-- TASK GOAL --
What follows is a set of entries. Repeat them exactly, but not their pictures.

-- AVAILABLE RECORDS --
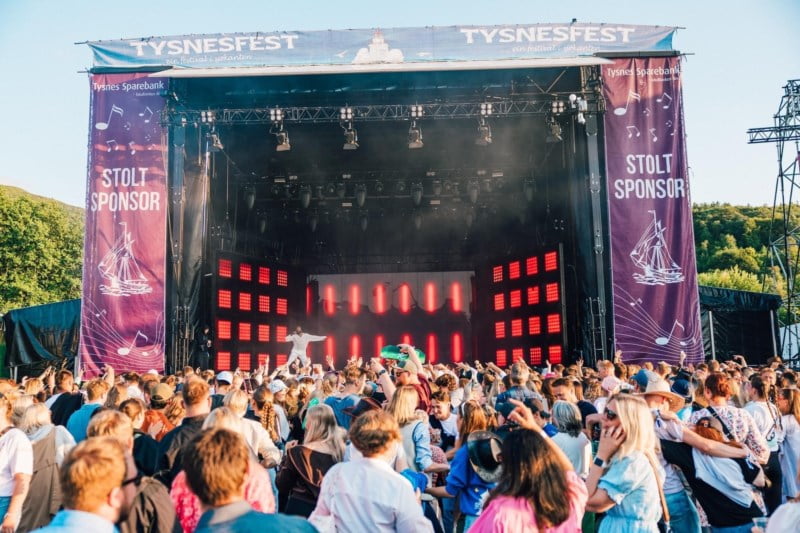Stor festivalscene med artist, mange hundre folk i forgrunnen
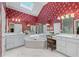 Bright primary bathroom with a vaulted ceiling, skylight, tub, and dual vanities at 2117 Stephens Walk, Dunwoody, GA 30338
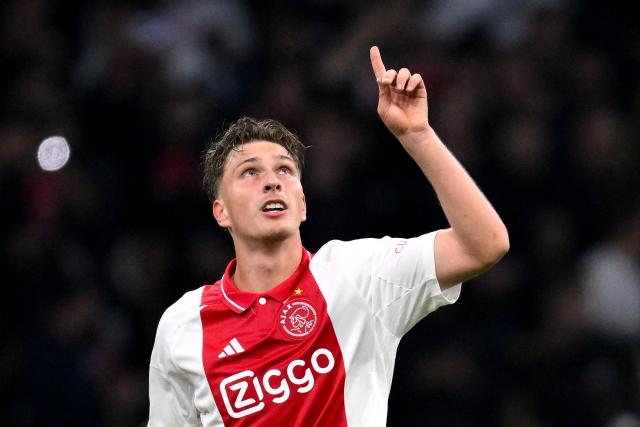(FILES) Ajax's Belgian forward #11 Mika Godts celebrates scoring his team' second goal during the UEFA Europa League football match between Ajax Amsterdam and Besiktas at The Johan Cruijff Arena Stadium in Amsterdam on September 26, 2024. Paris Saint-Germain officially announced on August 15, 2026 the signing of Belgian left-winger Mika Godts from Ajax Amsterdam on a contract running until 2031. (Photo by JOHN THYS / AFP)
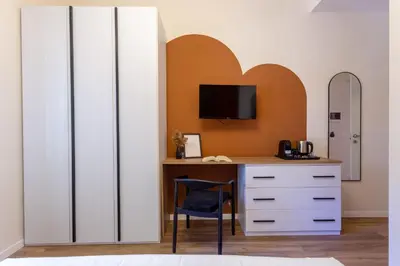 a bedroom with a desk with a tv and a heart wall at Porta Pia Stay GuestHouse in Rome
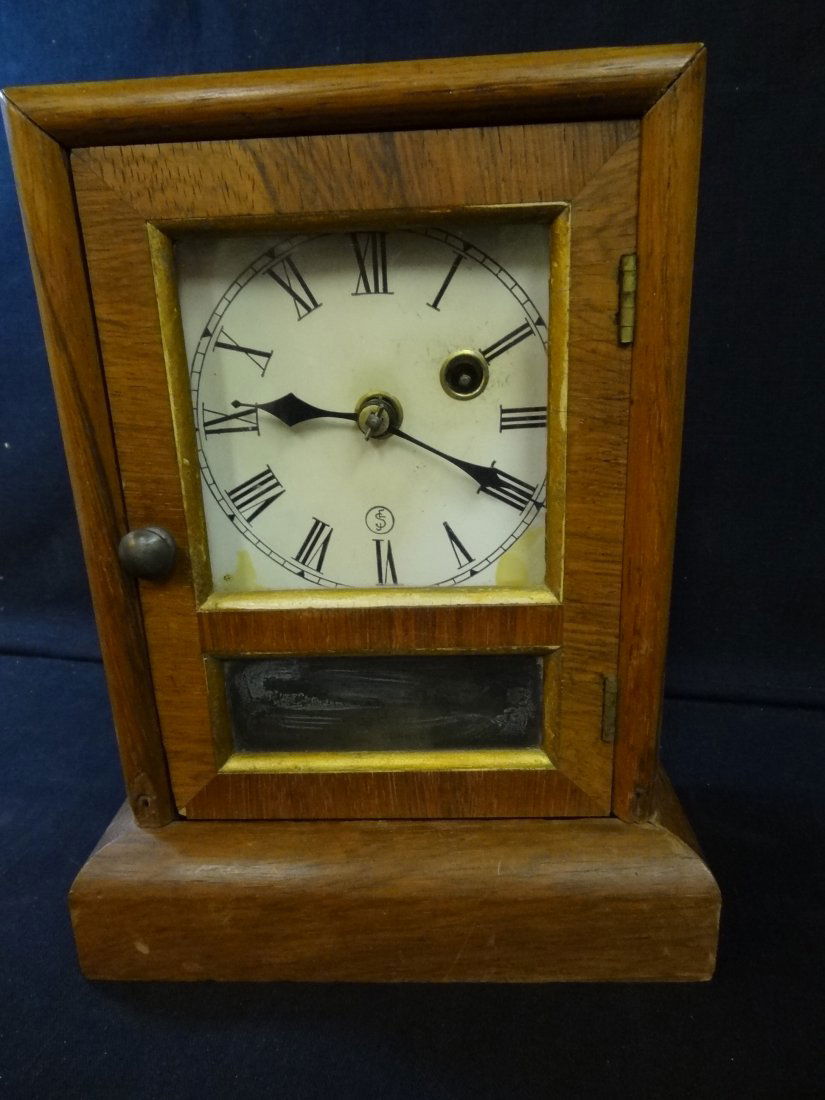 SETH THOMAS MANTLE CLOCK, WOOD CASE WITH GLASS FRONT, S: SETH THOMAS MANTLE CLOCK, WOOD CASE WITH GLASS FRONT, SOME WEAR ON OUTER CASE. CAN BE WALL MOUNTED. FAIR CONDITION, CLOCK FACE NEEDS SOME CARE. MEASURES 7'' X 9 1/2'' X 4''.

-- RESPONSE TO THIS EXERCISE --
Stor festivalscene med artist, mange hundre folk i forgrunnen
 Bright primary bathroom with a vaulted ceiling, skylight, tub, and dual vanities at 2117 Stephens Walk, Dunwoody, GA 30338
(FILES) Ajax's Belgian forward #11 Mika Godts celebrates scoring his team' second goal during the UEFA Europa League football match between Ajax Amsterdam and Besiktas at The Johan Cruijff Arena Stadium in Amsterdam on September 26, 2024. Paris Saint-Germain officially announced on August 15, 2026 the signing of Belgian left-winger Mika Godts from Ajax Amsterdam on a contract running until 2031. (Photo by JOHN THYS / AFP)
 a bedroom with a desk with a tv and a heart wall at Porta Pia Stay GuestHouse in Rome
 SETH THOMAS MANTLE CLOCK, WOOD CASE WITH GLASS FRONT, S: SETH THOMAS MANTLE CLOCK, WOOD CASE WITH GLASS FRONT, SOME WEAR ON OUTER CASE. CAN BE WALL MOUNTED. FAIR CONDITION, CLOCK FACE NEEDS SOME CARE. MEASURES 7'' X 9 1/2'' X 4''.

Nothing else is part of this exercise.